## Description of the task:
Would you copy exactly the lines in the data below from the one that has "Kissenhüllen winterlich bestickt – Bild 5" through the one that has "Lourdes Grottoes", dropping any pictures?

## Materials provided:
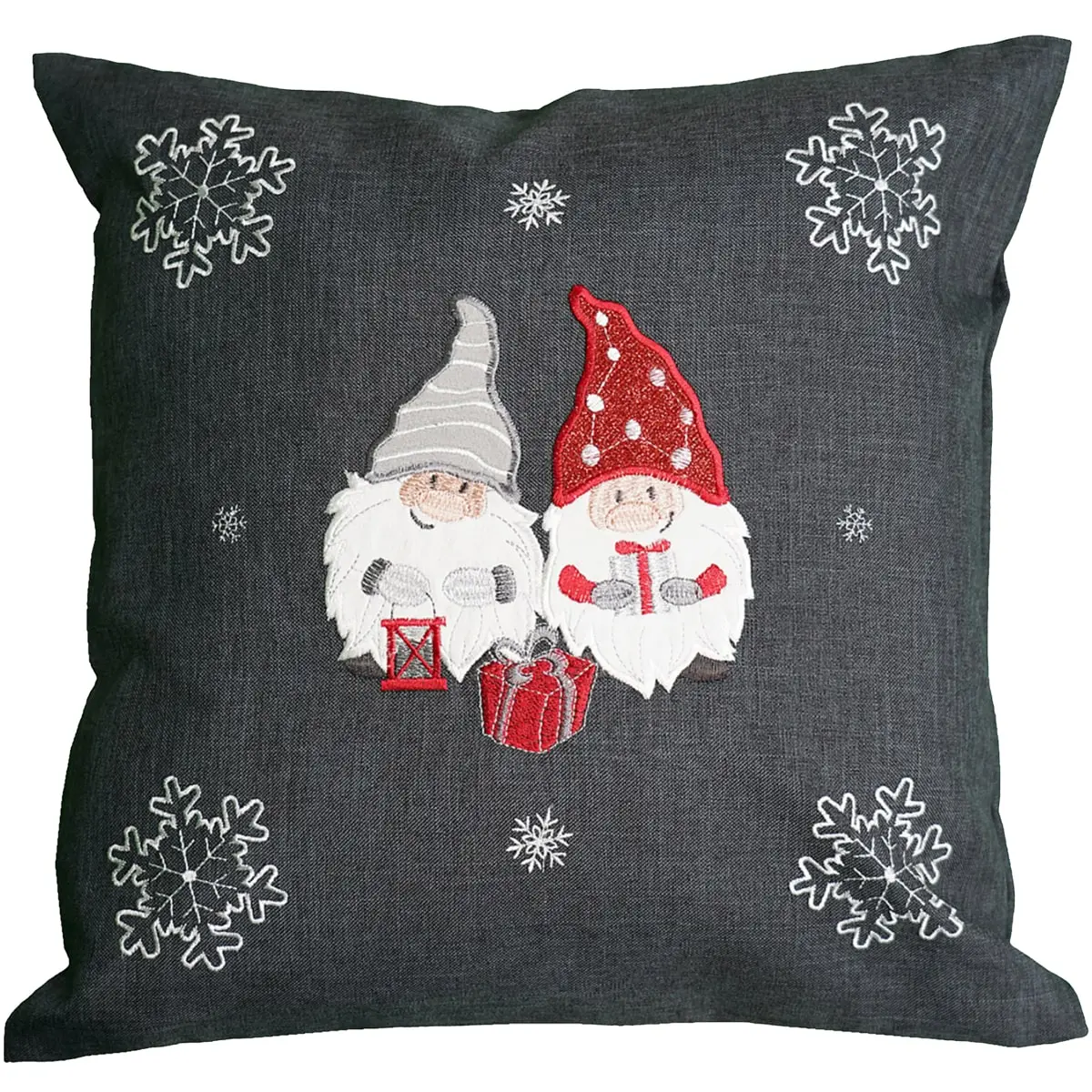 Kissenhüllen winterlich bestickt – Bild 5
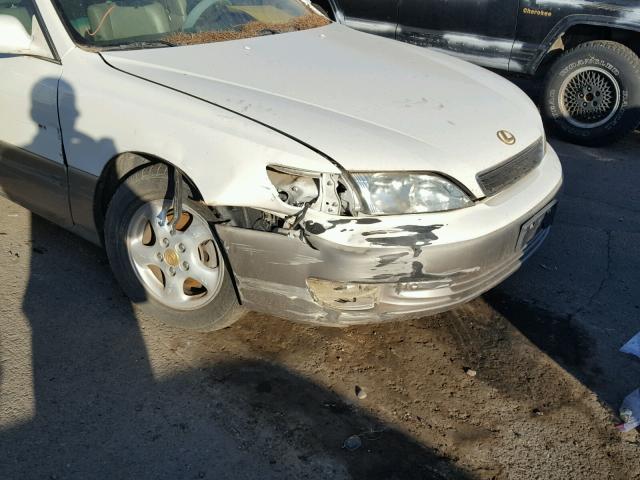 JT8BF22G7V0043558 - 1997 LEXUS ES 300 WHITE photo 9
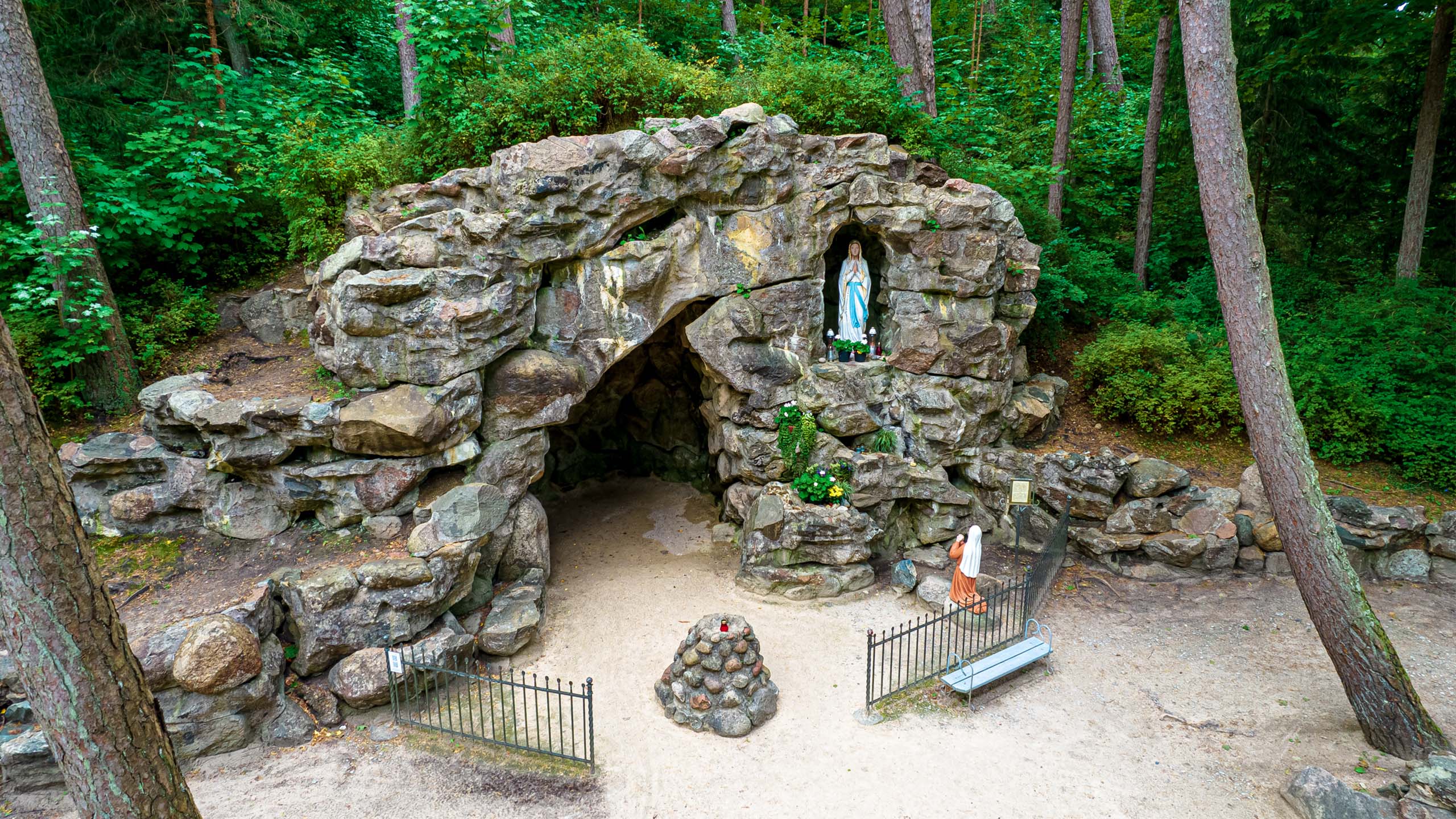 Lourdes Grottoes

--

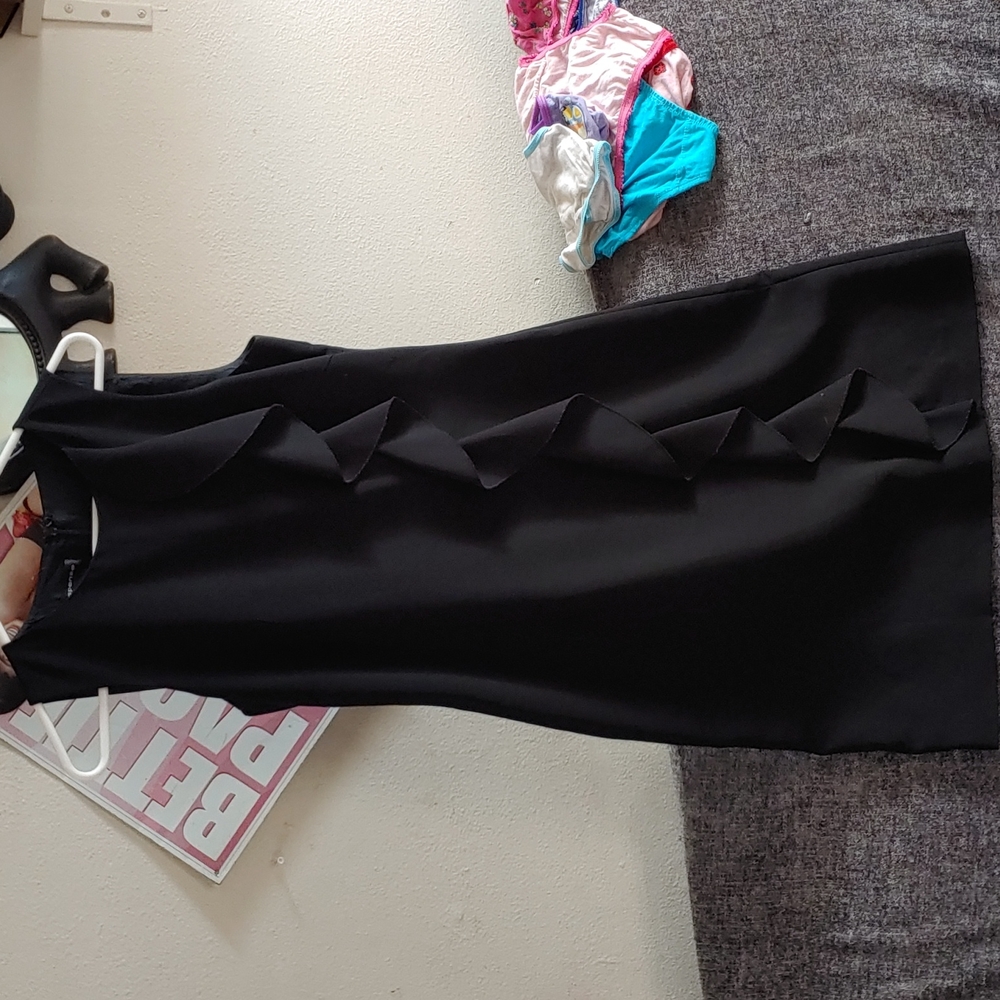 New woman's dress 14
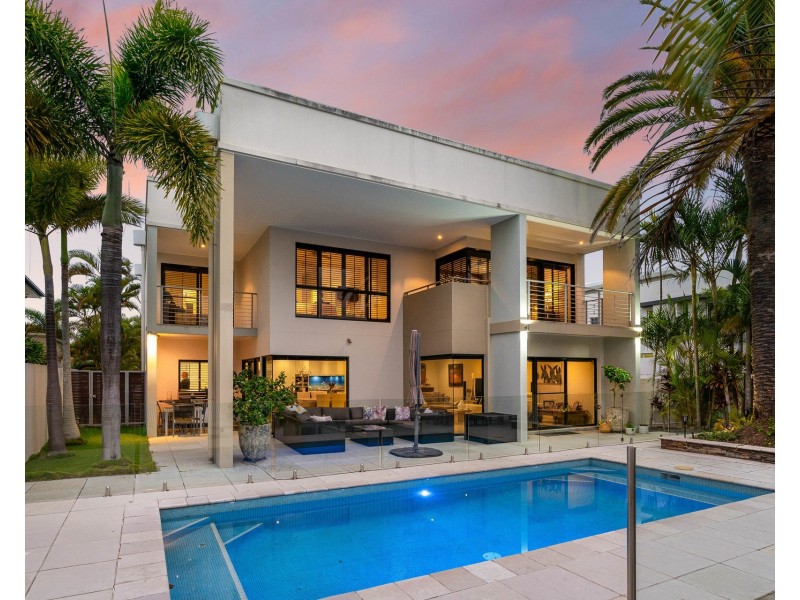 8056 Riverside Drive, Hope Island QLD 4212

## Written response:
 Kissenhüllen winterlich bestickt – Bild 5
 JT8BF22G7V0043558 - 1997 LEXUS ES 300 WHITE photo 9
 Lourdes Grottoes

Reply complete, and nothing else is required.